GPUI offers three different levels of abstraction, called “registers”, that you can choose from depending on your needs. You can mix and match these approaches in the same application.

The Three Levels

1. State Management (Entities)

When to use: Managing application state that needs to communicate between different parts of your app.

Entities are GPUI’s solution for state management. They’re similar to Rc<RefCell<T>> but owned by GPUI itself, and can only be accessed through the framework’s context APIs.

struct Counter {
    count: i32,
}

// Create an entity
let counter = cx.new(|_cx| Counter { count: 0 });

// Update it later
counter.update(cx, |this, cx| {
    this.count += 1;
    cx.notify(); // Tell observers about the change
});

// Read it
let current_count = counter.read(cx).count;

Key features:

  • Owned by GPUI, accessed via Entity<T> handles
  • Observable: other parts of your app can react to changes
  • Safe concurrent access through the context system

See Entities and Ownership for details.

2. High-Level Declarative UI (Views)

When to use: Building most of your user interface.

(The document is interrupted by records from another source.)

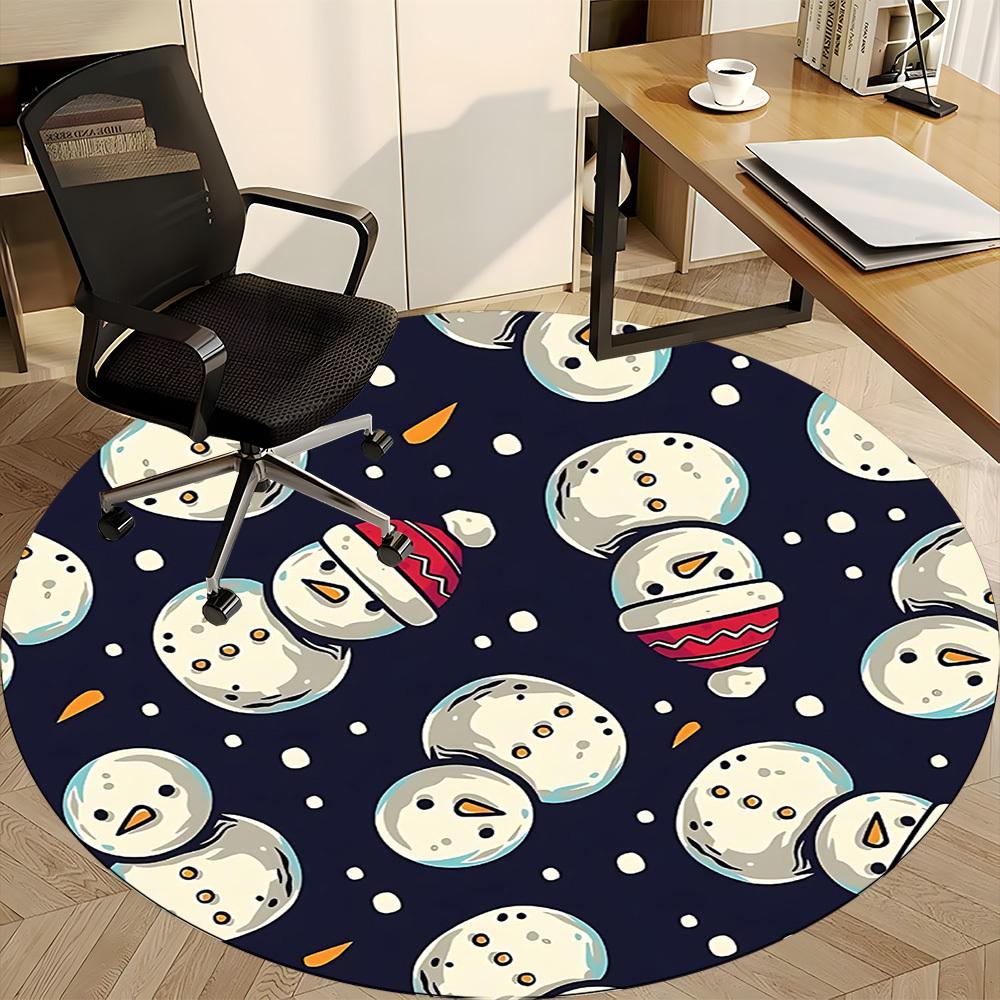 1PC Snowmen Winter Office Round Area Rug, Mat Suitable For Office, Under Office Chairs Bedroom Living Room Home Decor, Room Deco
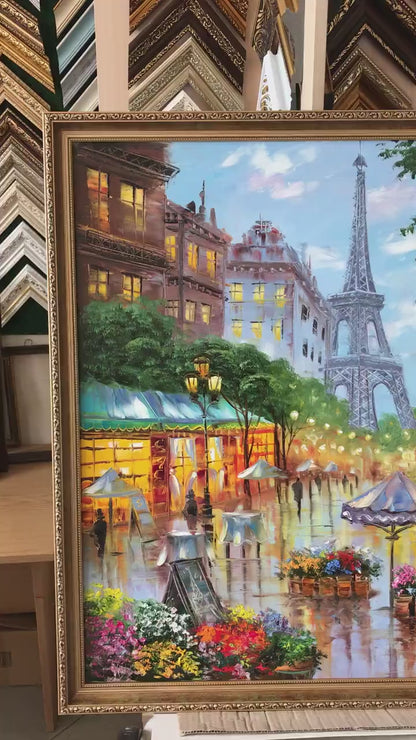 Romantic Paris Street Scene Oil Painting | Large Eiffel Tower Artwork, French Flower Market Painting on Canvas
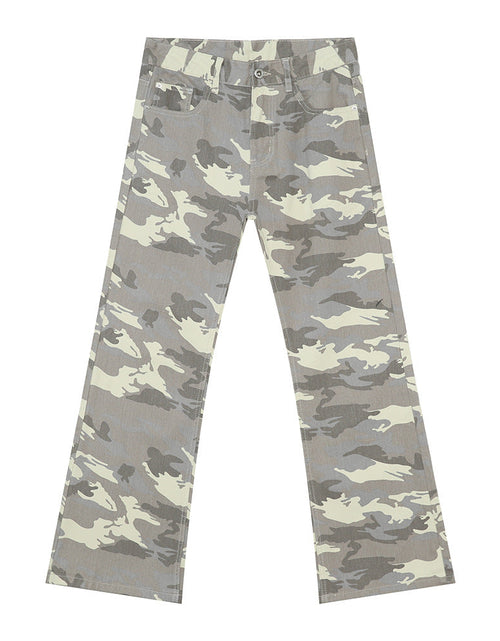 Load image into Gallery viewer, Camouflage Bootcut Jeans with Pockets
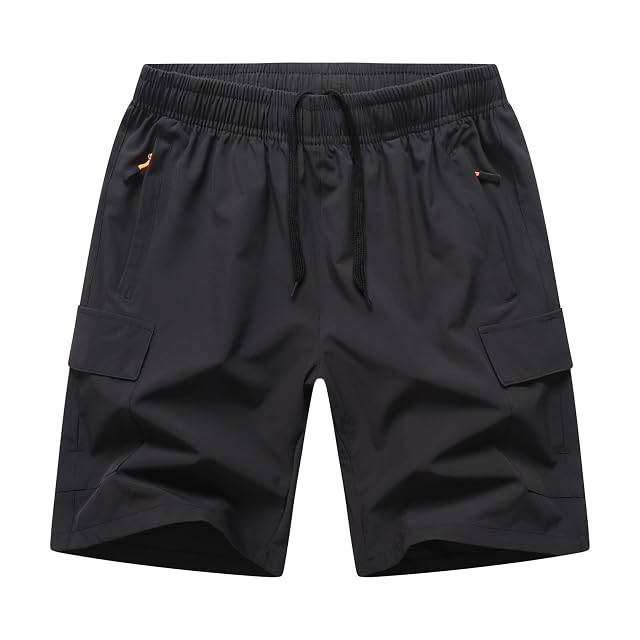 Boys Cargo Shorts Outdoor Quick Dry Hiking Shorts Lightweight Athletic Short with Zipper Pockets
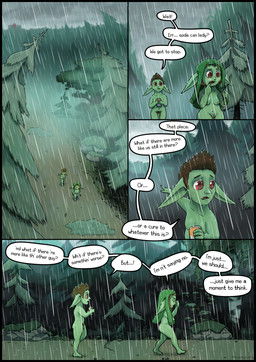 black_border border breasts butt dialogue duo female flaccid foreskin forest genitals glistening green_body green_skin male medium_breasts nipples nude penis plant pointy_ears pubes raining shirt_on_head shortstack slurred_speech text tree vulva greenbuncafe roadkill_(greenbuncafe) sodacan_(greenbuncafe) goblin humanoid absurd_res colored comic digital_drawing_(artwork) digital_media_(artwork) english_text hi_res shaded signature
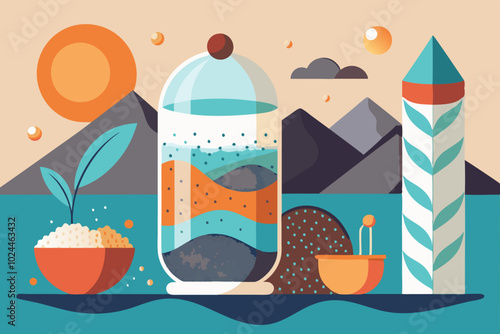 Minimalist art with chia seed water and mountains in geometric design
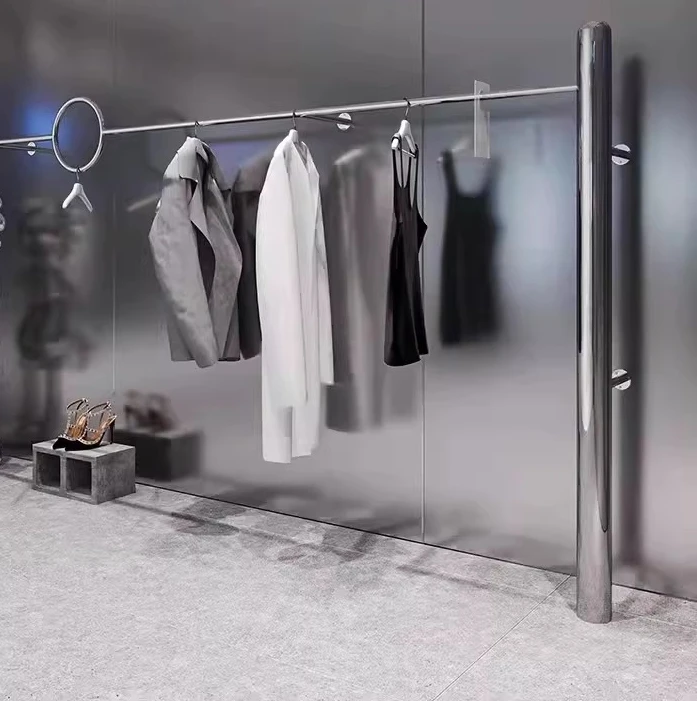Floor-to-ceiling hanger Nakajima shelf Stainless steel rack for men's and women's clothing stores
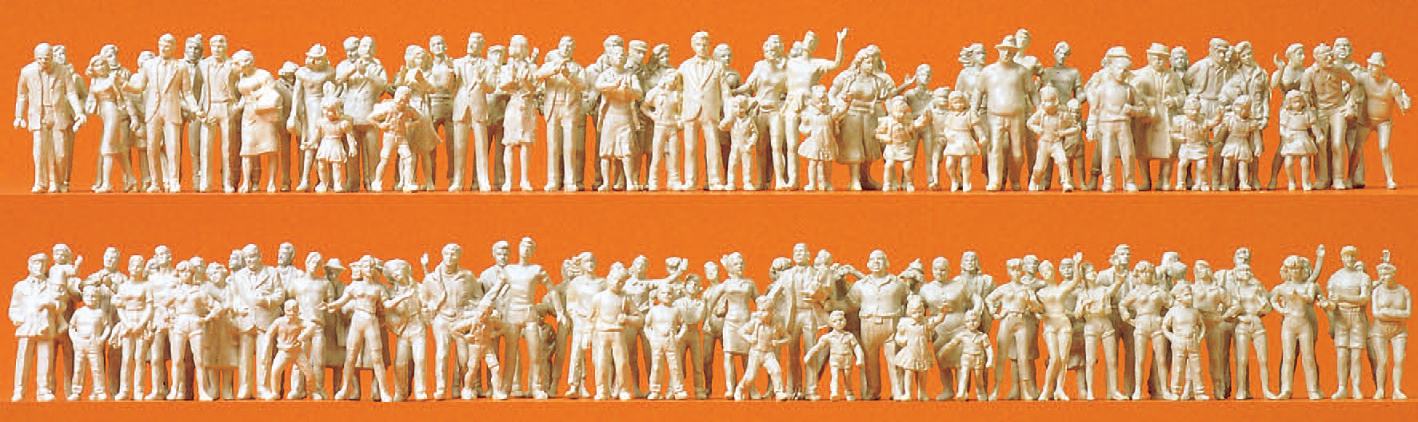 Passanten. Zuschauer. 130 unbemalte Miniaturfiguren. Bausatz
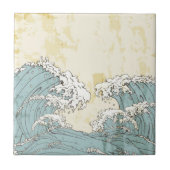 Koel afbeelding grote blauwe oceaangolven tegeltje (Voorkant)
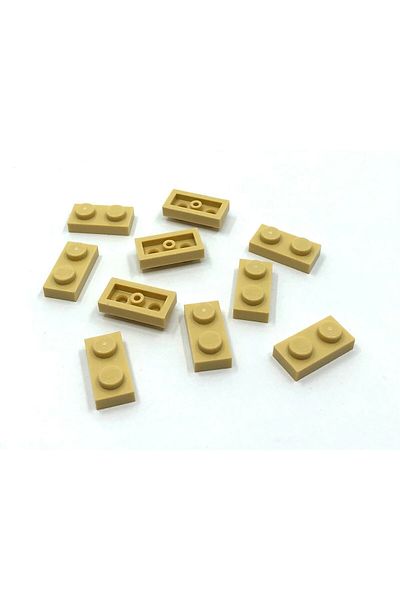 LEGO Accessory Custom Moc Creator Plate 1 X 2 Brick Tan 8 Pieces Will Be Sent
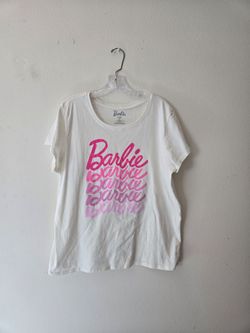 Barbie White Tee with Pink Logo Print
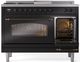 Ilve® Nostalgie II Series 48" Glossy Black Pro Style Dual Fuel Range-3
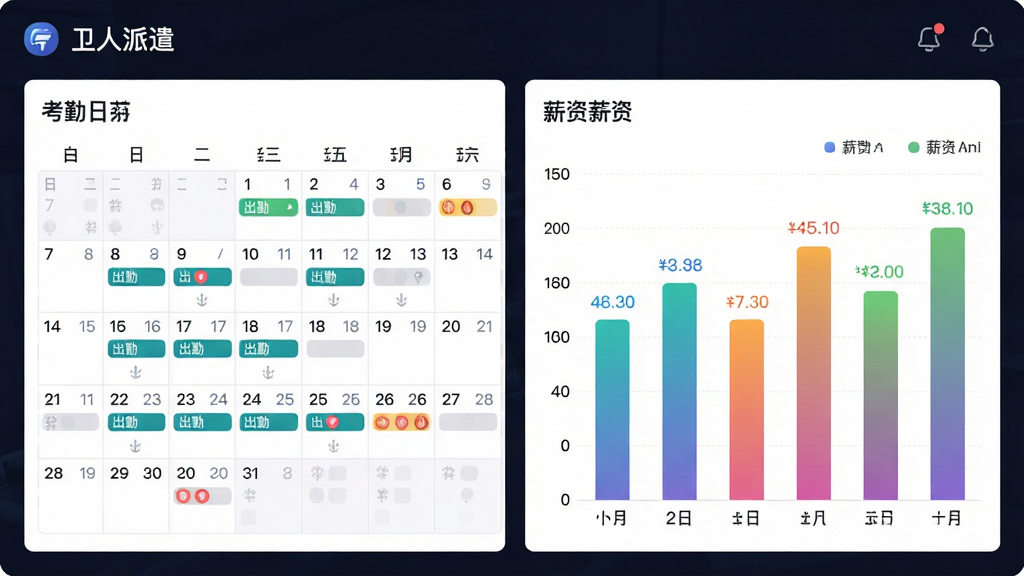 主体为“卫人派遣”应用中的考勤与薪资数据看板,左侧为考勤日历,右侧为薪资柱状图;布局为左右两栏;排版工整;风格为清爽数据可视化风;细节包括日历上的出勤标记、柱状图颜色渐变、数字清晰;画质高清,干净,无多余元素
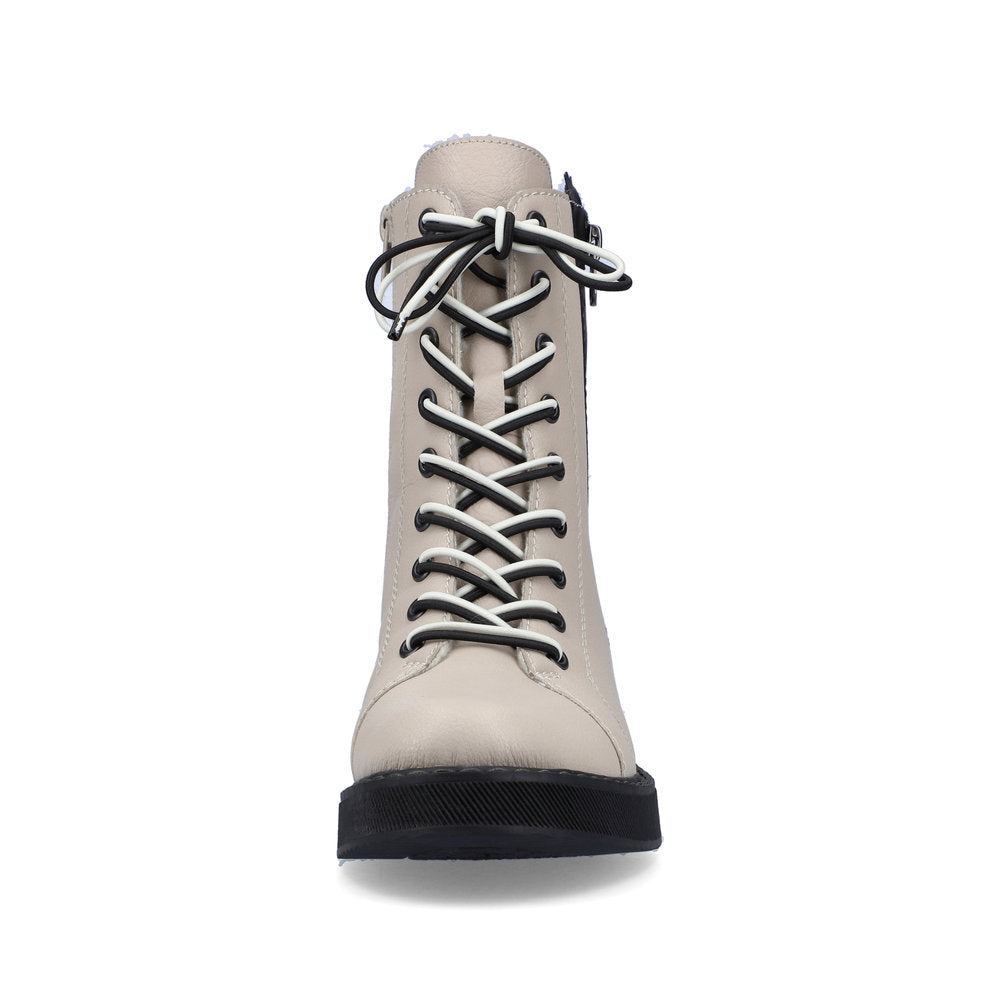 Rieker 72016-60 Cream Boots with Black Zip & Black/White Mix Laces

Views are entities that can be rendered by implementing the Render trait. This is the main way you’ll build UIs in GPUI. Think of it like React components or SwiftUI views.

struct CounterView {
    counter: Entity<Counter>,
}

impl Render for CounterView {
    fn render(&mut self, cx: &mut ViewContext<Self>) -> impl IntoElement {
        let count = self.counter.read(cx).count;

        div()
            .flex()
            .flex_col()
            .gap_2()
            .child(format!("Count: {}", count))
            .child(
                div()
                    .bg(rgb(0x2563eb))
                    .text_color(white())
                    .px_4()
                    .py_2()
                    .rounded_md()
                    .child("Increment")
                    .on_click(cx.listener(|this, _event, cx| {
                        this.counter.update(cx, |counter, cx| {
                            counter.count += 1;
                            cx.notify();
                        });
                    }))
            )
    }
}

Key features:

  • Tailwind-inspired styling API (.flex(), .px_4(), etc.)
  • Declarative: describe what the UI should look like
  • Reactive: automatically re-renders when state changes
  • Built on top of the element system

See Views and Rendering for details.

3. Low-Level Imperative UI (Elements)

When to use: Maximum control and performance (custom lists, text editors, complex layouts).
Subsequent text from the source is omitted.